Does anyone have tips on making the best pan fried rib eye steaks?


----------



## just jim (Oct 18, 2007)

Let rest to room temperature, season with salt and pepper.
High heat to sear, lower heat if needed, depends on thickness.
Cook until done to your satisfaction, finish with butter.

It really doesn't get any better than that if you start with good beef.


----------



## singer4660 (May 21, 2009)

This works well for me.....

About 30 minutes before cooking remove the meat from the refrigerator. Season liberally on both sides with mixture of equal parts salt, pepper, garlic powder, and onion powder. (For 2 medium steaks use about 1/2 teaspoon of each). Leave steaks at room temperature until ready to cook. 

Heat a large cast iron skillet over medium high heat for at least 5 minutes. Reduce heat to medium, add a splash of canola or peanut oil to the pan (it should shimmer as it coats the bottom), and add the steaks. Cook for 2 - 4 minutes per side for medium rare depending on thickness of steak (about 2 minutes per side for 1/2 inch steak, 4 minutes per side for an inch). Remove the meat from the pan, cover, and let rest.

Make a quick pan sauce by melting 4 tablespoons of butter in the same pan. Scrape all the brown bits off the bottom and add 2 medium shallots (minced). Cook for 2-3 minutes and add a tablespoon or so of minced chives, a tablespoon of chopped parsley and a tablespoon of Worsteshire sauce. Stir until blended and heated through. Pour over steaks and serve. 

Enjoy!


----------



## phaedrus (Dec 23, 2004)

I agree with the previous posters, although I'd also splash a couple oz of cab or bordeux into the pan to deglaze.


----------



## niznickr (Aug 25, 2009)

cast iron, cast iron, cast iron....must use cast iron skillet to get a really good high heat to sear the meat and of course, a well seasoned c/i skillet is just a must have for every kitchen.


----------



## niznickr (Aug 25, 2009)

I love to do the red wine reduction sauce myself, but your adding worcestershire sounds good too, have to try that next time, thanks!


----------



## ed buchanan (May 29, 2006)

Follow what Just Jim posted above. Rib steak in my opinion is tasties steak of all it doesn't take much to make it great. Cast iron pan also good idea if you have, Only thing I add is a drop of Worchestire Sauce.salt and Pepper.


----------



## kyheirloomer (Feb 1, 2007)

Rib eye, IMO, doesn't need anything except salt & pepper. With a steak like that as the star you don't need a supporting cast. Follow what others have said, re: cast iron and high heat.

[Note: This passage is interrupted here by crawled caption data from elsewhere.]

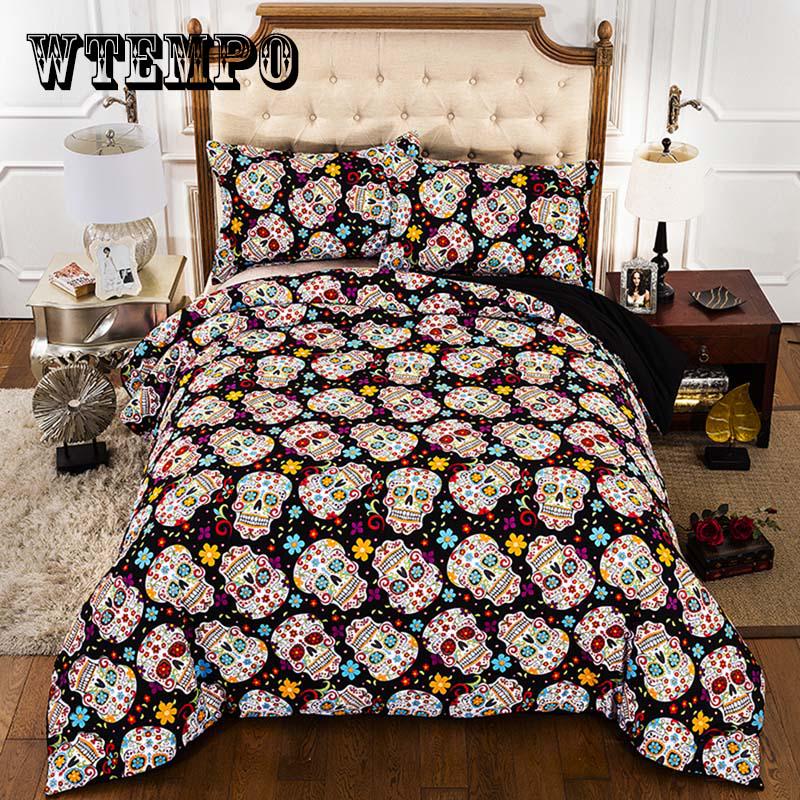 Skull Printed Bedding Sets Single Double Full Queen King AU EU US Size Duvet Cover Pillowcase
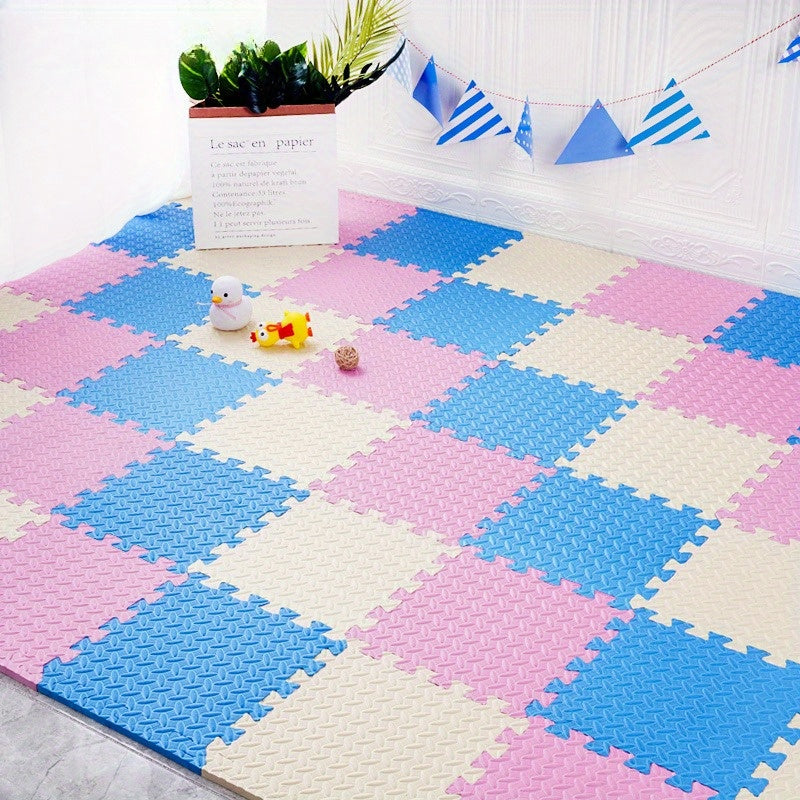 Set of 16 EVA Foam Play Mats 30cm x 30cm Interlocking Soft Crawling Floor Tiles for Kids Indoor Use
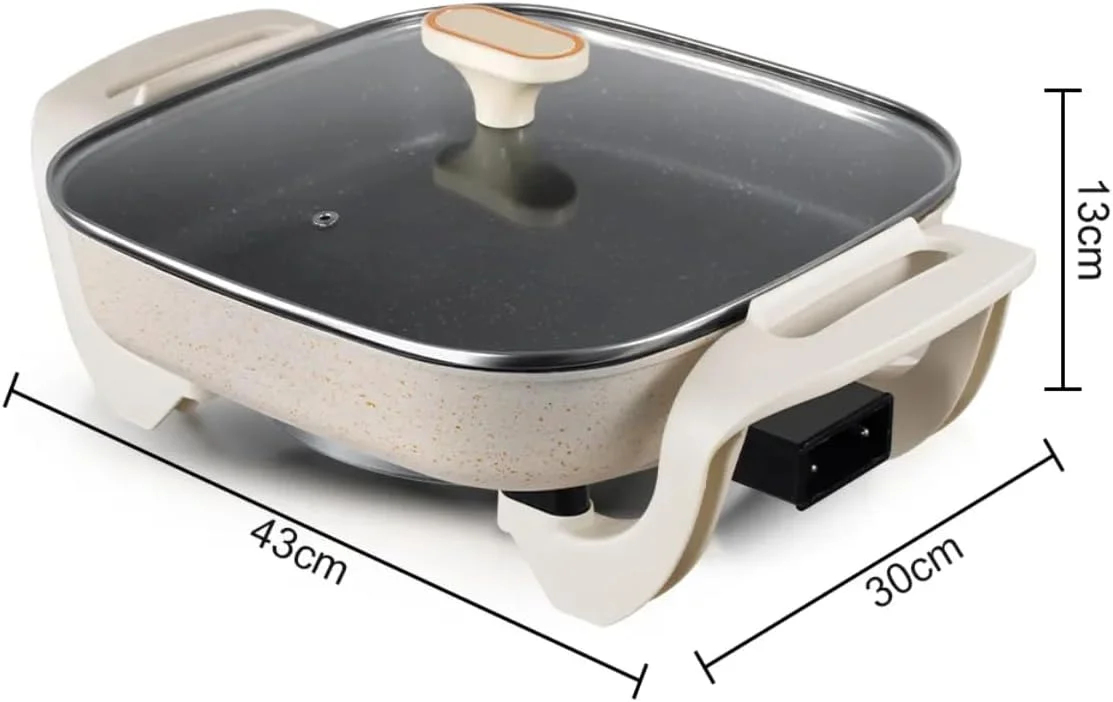 Electric Frying Pan Non-Stick, Multi-Function Cooker with 500W/1000W Power, Steamer, Portable Electric Hot Pot for Steak, Eggs, Noodles, Fried Rice, Soup - Adjustable Heat & Overheat Protection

If you must kick it up, just before it's done to your taste deglaze pan with some cab and melt in a little blue cheese.


----------



## bughut (Aug 18, 2007)

I'm with the room temp, S&P brigade. Just one thing. Dry first on kitchen paper. If its bloody, it'll bring down the temp of the pan.
Dont suppose it would make a difference on an industrial griddle or bbq tho


----------



## phatch (Mar 29, 2002)

Cast iron and wine can produce off flavors. Depends on how well seasoned your pan is. Keep the deglaze short helps too.


----------



## kyheirloomer (Feb 1, 2007)

The one time I tried it there were no off flavors, Phil. But, then again, my cast iron is all very well cured. I can even cook acidic foods in most of it, like tomato sauce, with no ill effects to either the pan or the food. 

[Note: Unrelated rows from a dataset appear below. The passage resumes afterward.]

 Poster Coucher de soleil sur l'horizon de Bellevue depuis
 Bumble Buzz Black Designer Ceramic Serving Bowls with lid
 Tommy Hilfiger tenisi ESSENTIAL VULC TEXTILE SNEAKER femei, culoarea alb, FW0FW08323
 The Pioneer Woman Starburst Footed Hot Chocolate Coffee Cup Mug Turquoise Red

The problem with the cab/blue cheese sauce is that it's guilding the lilly, IMO. Nothing wrong with it as a sauce. Would probably be great on lessor cuts. But rib eye doesn't need any help.


----------



## niznickr (Aug 25, 2009)

Maybe goes without saying but, ensure you have an industrial speed exhaust fan when searing or your smoke alarm may go off!!! I have first hand experience with this..


----------